- _What you need to do_:
Leaving out every picture, transcribe the lines from the line that contains "Chevrolet (GM Daewoo)" to the end of the entries below, both ends included.

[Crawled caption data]
******
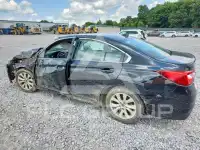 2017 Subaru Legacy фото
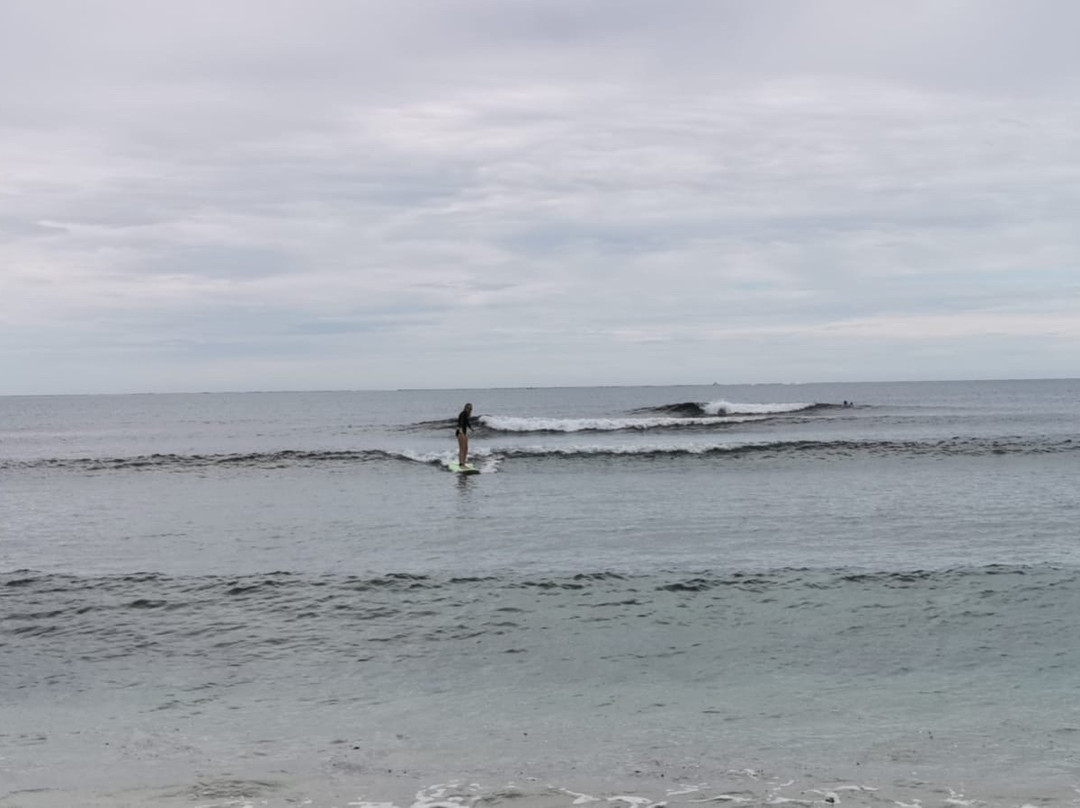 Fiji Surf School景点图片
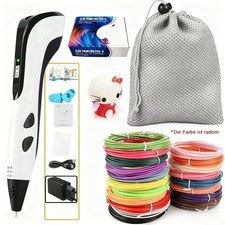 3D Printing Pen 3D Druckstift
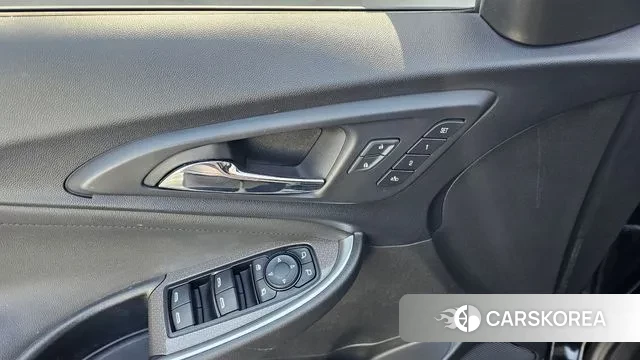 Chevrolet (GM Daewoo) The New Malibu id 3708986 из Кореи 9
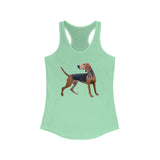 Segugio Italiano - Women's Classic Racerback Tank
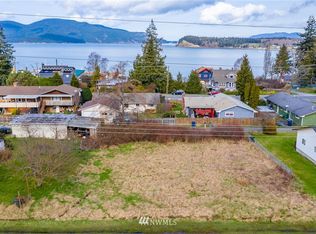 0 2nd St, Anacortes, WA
******
- _Response below_:
 Chevrolet (GM Daewoo) The New Malibu id 3708986 из Кореи 9
 Segugio Italiano - Women's Classic Racerback Tank
 0 2nd St, Anacortes, WA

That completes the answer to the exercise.